Back in the house- an unusual, disconcerting sensation that I struggle to recognise for a moment before realising it is...silence. Charlotte and Frankie- exhausted by the end of term, which seems to have been going on for several weeks now but is still not quite upon us- have taken to their beds. I have the house to myself and, as is customary when this rare circumstance arises, am overcome by the boundless possibilities afforded by domestic serenity- read a book? Watch a DVD? Squander away the evening blasting away little coloured squares on the tiny but horribly-compulsive free video game that came with my posh new mobile phone and which has been nearly causing me to miss tram stops and end up where we will all end up if we are not careful, in Eccles?
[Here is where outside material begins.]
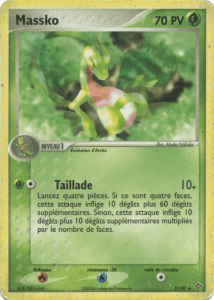 Massko - EX Dragon - 31 - Peu commune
After perhaps 20 minutes of rabbit-in-a-headlight hesitation, I settle down with a plate of reheated soya meat spaghetti bolognese, and watch a sprightly BBC4 documentary about the Documentary Movement in pre-war Britain. And I'm glad I do, because otherwise I would have never found out that Benjamin Brittain and WH Auden together wrote the soundtrack for 'Night Train', (the classic grainy black and white movie which followed the GPO overnight mail express from Glasgow to London, you will recall the action shots of leather satchels bulging with province-bound loveletters being snatched from the grasp of the traincarriage at 80mph by ingenious, metal-limbed, awkward-elbowed, mechanical, lineside contraptions), or that the war against Hitler was essentially won by a half-dozen jovial-looking pipe-smoking chaps in checked blazers and cardigans who survived the Blitz by holing themselves up in tiny Soho studios, feeding themselves with spam and powdered eggs and rattling out hyper-real homages to the Stiff Upper Lip of the Common Englishman , featuring firm-jawed postmen in smoky locker rooms reciting scripted lines such as 'Here- which of you blighters have had my boots? Come on now, own up, play the game!'
And now.. now the only sound outside is the occasional night train (clattering down the very same Glasgow-London line that Benjamin Brittain and his pipe-smoking pals made famous), and the silhouette of the Inspire Community Centre (formerly All Saints Church) is just visible against the darkening Stockport Road skyline. Which means that it is very nearly my bedtime, so I'm off, either to watch Newsnight, or smash to virtual smithereens tiny coloured virtual squares, or read an erudite but breezily-written account of the history of the Basque People, or finish off the last of the reheated soya spaghetti bolognese, or daydream about night trains and pipesmoking poet-documentarists and awkward-elbowed mechanical contraptions of bygone eras, or possibly all five at once. Good night.